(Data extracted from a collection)
Content starts

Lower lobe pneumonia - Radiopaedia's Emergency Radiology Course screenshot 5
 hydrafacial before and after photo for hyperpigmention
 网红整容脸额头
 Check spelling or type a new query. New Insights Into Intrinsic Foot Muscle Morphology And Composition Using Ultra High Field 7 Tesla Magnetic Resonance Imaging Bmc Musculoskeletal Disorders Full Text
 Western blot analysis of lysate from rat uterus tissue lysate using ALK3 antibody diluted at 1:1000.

Content ends

_What you will do_:
Start copying at the line that contains "hydrafacial before and" and stop after the last line of the records, keeping every line exactly.

_Task response_:
 hydrafacial before and after photo for hyperpigmention
 网红整容脸额头
 Check spelling or type a new query. New Insights Into Intrinsic Foot Muscle Morphology And Composition Using Ultra High Field 7 Tesla Magnetic Resonance Imaging Bmc Musculoskeletal Disorders Full Text
 Western blot analysis of lysate from rat uterus tissue lysate using ALK3 antibody diluted at 1:1000.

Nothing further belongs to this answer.